Stored data entries:

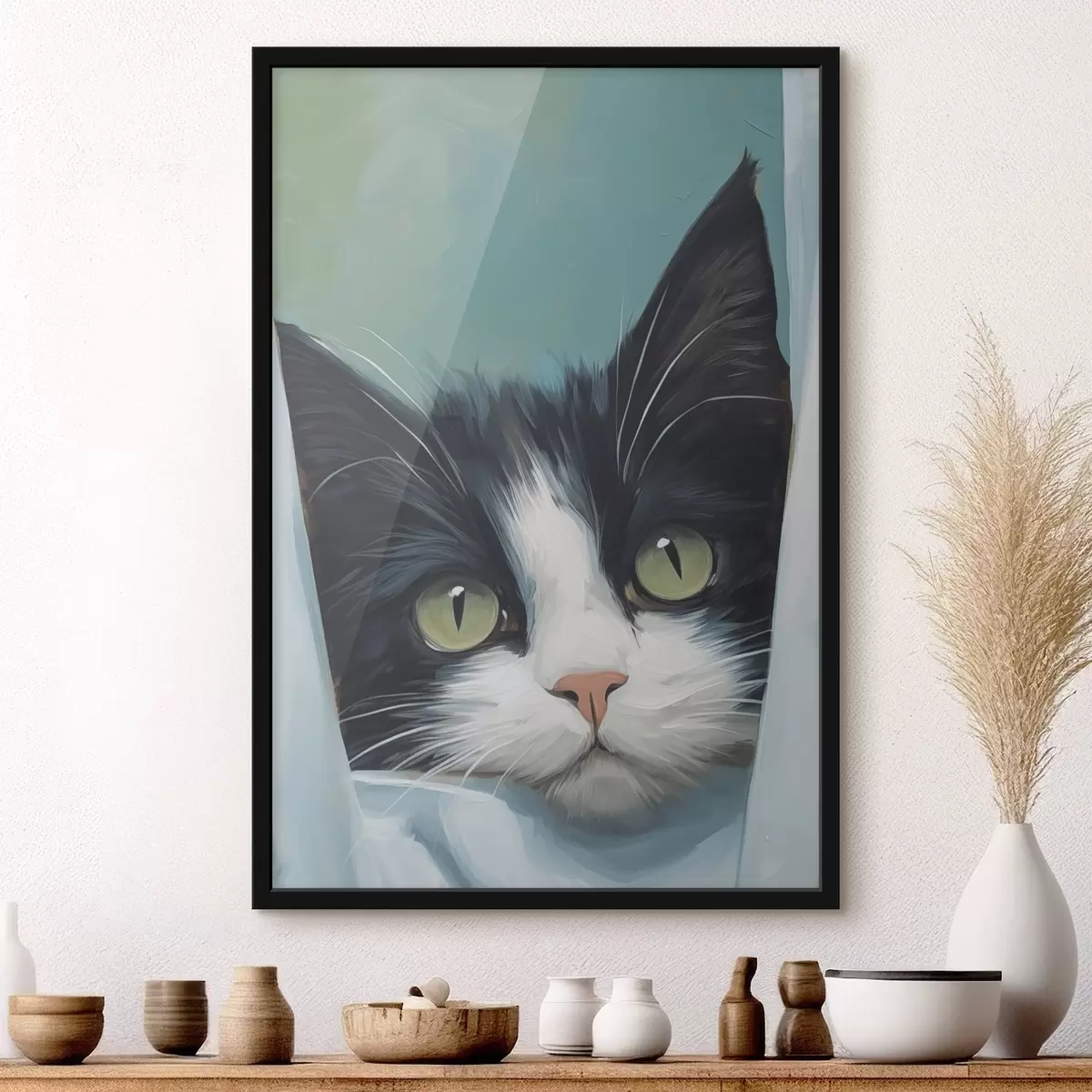 Poster Katze f45676
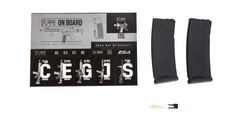 Specna Arms SA-E21 EDGE™ HAL ETU™ airsoft Carbine Black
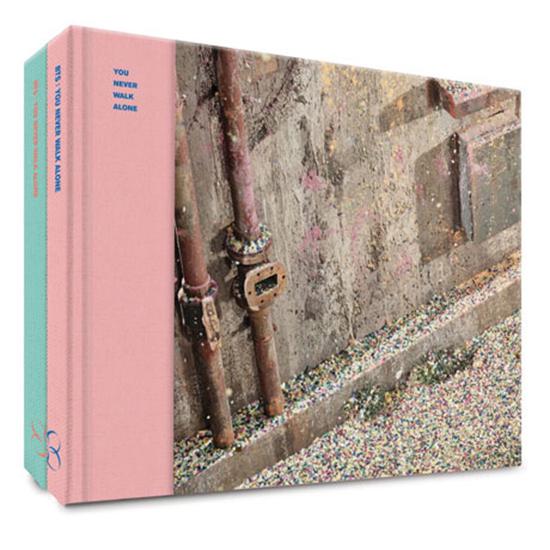 Buy Bts You Never Walk Alone 3rd Repackage Album At Affordable Prices Free Shipping Real Reviews With Photos Joom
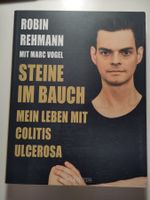 Steine im Bauch - Robin Rehmann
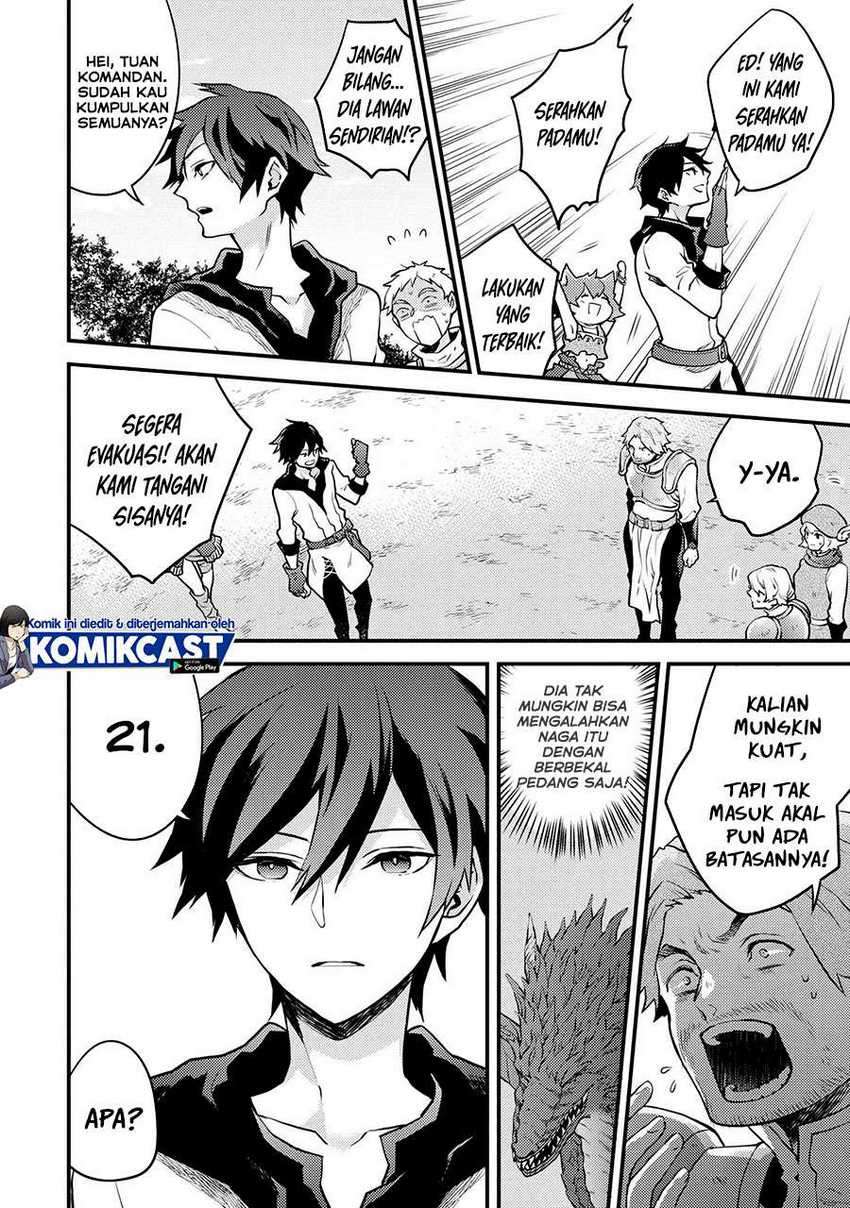 Yuusha, Yamemasu Chapter 21.2 page 3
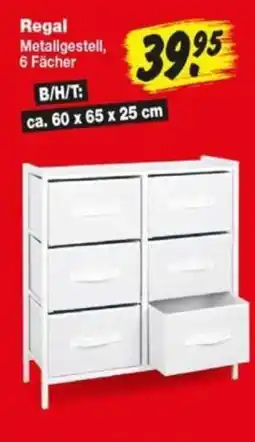 Repo Markt Regal Angebot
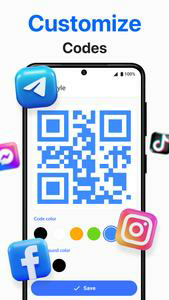 QR & Barcode Scanner Plus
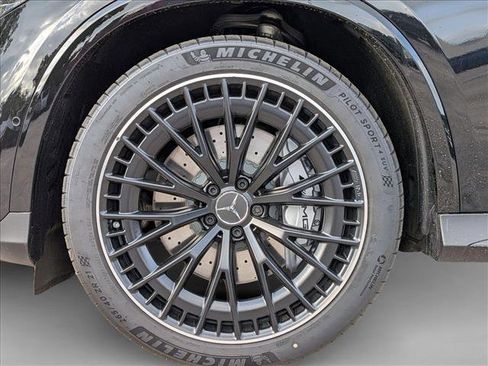 New 2026 Mercedes-Benz GLC 43 AMG 4MATIC image 15
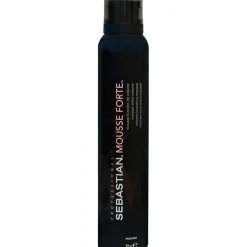 Sebastian TEXTURE Strong Hold Mousse Mousse Forte von New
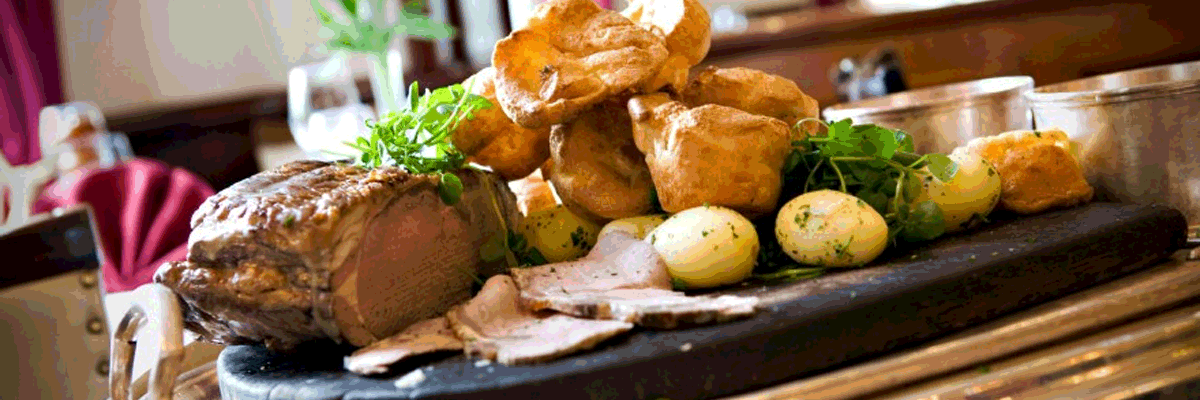 Eagle & Sun Hanbury Wharf Carvery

Your objective: Please reproduce each entry exactly as given and omit the pictures.

Answer box:
 Poster Katze f45676
 Specna Arms SA-E21 EDGE™ HAL ETU™ airsoft Carbine Black
 Buy Bts You Never Walk Alone 3rd Repackage Album At Affordable Prices Free Shipping Real Reviews With Photos Joom
 Steine im Bauch - Robin Rehmann
 Yuusha, Yamemasu Chapter 21.2 page 3
 Repo Markt Regal Angebot
 QR & Barcode Scanner Plus
 New 2026 Mercedes-Benz GLC 43 AMG 4MATIC image 15
 Sebastian TEXTURE Strong Hold Mousse Mousse Forte von New
 Eagle & Sun Hanbury Wharf Carvery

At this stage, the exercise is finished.